Top of RECORDED INFORMATION

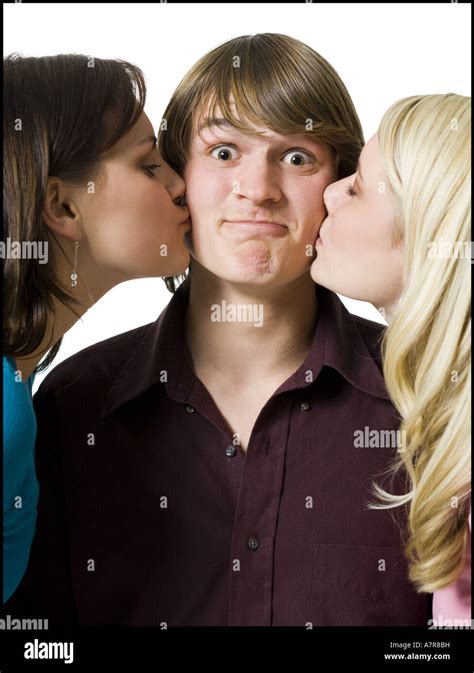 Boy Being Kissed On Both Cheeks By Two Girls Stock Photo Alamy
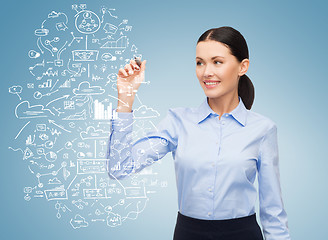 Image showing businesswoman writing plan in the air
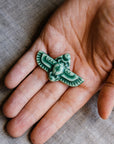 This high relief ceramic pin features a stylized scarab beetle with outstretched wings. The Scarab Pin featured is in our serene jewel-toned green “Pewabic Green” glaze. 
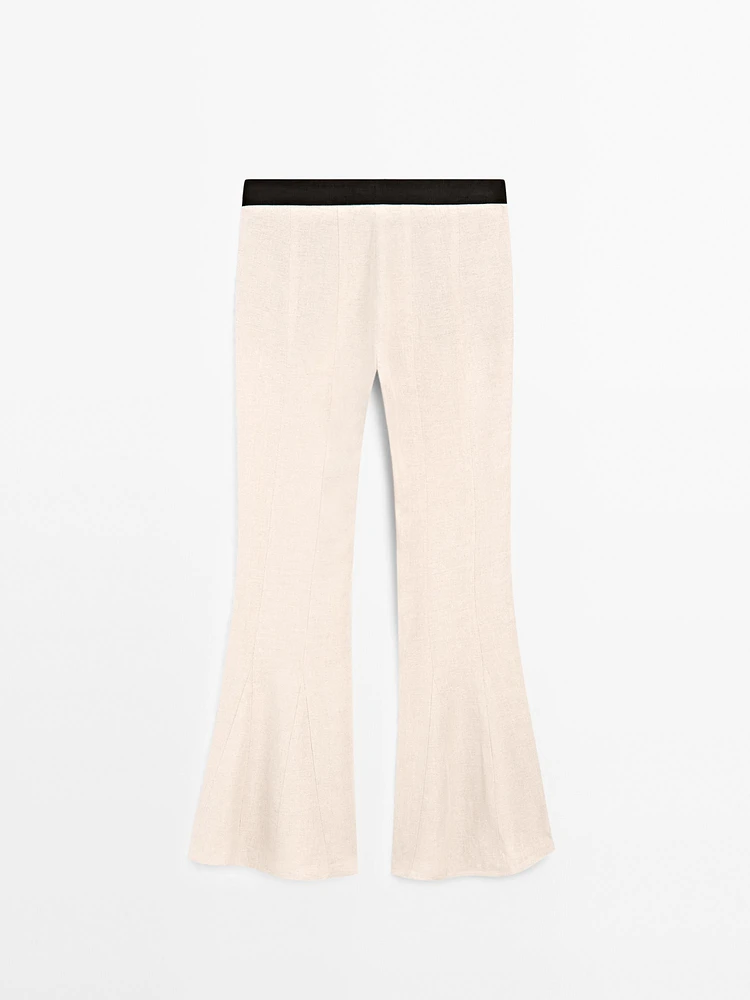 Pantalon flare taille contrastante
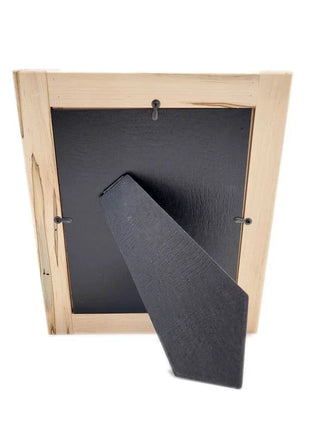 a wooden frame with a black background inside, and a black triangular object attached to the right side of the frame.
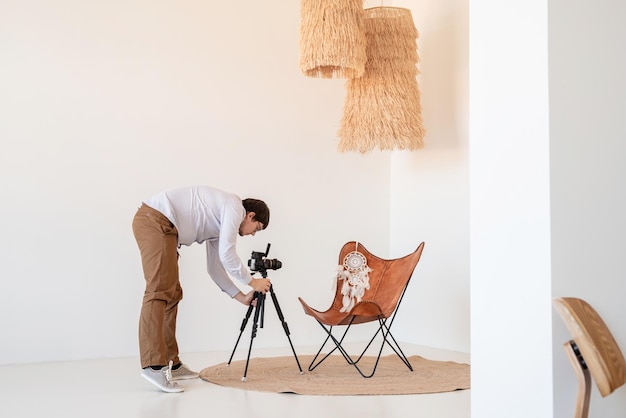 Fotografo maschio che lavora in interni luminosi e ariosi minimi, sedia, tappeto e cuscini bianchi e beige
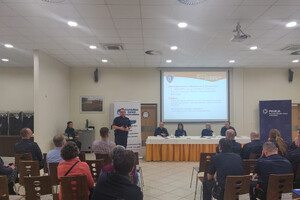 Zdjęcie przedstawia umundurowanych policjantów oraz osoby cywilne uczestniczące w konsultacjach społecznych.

Bottom of RECORDED INFORMATION
Top of RECORDED INFORMATION

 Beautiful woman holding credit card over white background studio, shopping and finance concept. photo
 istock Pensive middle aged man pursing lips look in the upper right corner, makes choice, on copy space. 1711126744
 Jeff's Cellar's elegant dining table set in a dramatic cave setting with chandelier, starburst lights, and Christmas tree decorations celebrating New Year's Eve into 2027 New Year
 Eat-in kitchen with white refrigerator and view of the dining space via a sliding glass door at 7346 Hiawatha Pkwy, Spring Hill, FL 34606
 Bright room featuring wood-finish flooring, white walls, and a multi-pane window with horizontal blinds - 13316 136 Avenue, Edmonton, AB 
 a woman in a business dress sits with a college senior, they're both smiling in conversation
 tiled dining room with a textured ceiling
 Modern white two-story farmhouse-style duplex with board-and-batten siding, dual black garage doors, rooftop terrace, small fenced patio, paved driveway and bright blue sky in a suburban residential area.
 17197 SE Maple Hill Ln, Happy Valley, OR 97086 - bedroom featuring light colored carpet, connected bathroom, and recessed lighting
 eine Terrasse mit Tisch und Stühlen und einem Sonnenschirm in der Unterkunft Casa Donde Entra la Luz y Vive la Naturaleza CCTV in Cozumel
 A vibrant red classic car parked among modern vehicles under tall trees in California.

Bottom of RECORDED INFORMATION

ACTIVITY: Check every line of the data, and copy the ones that contain "Hill".

EXERCISE SOLUTION:
 Eat-in kitchen with white refrigerator and view of the dining space via a sliding glass door at 7346 Hiawatha Pkwy, Spring Hill, FL 34606
 17197 SE Maple Hill Ln, Happy Valley, OR 97086 - bedroom featuring light colored carpet, connected bathroom, and recessed lighting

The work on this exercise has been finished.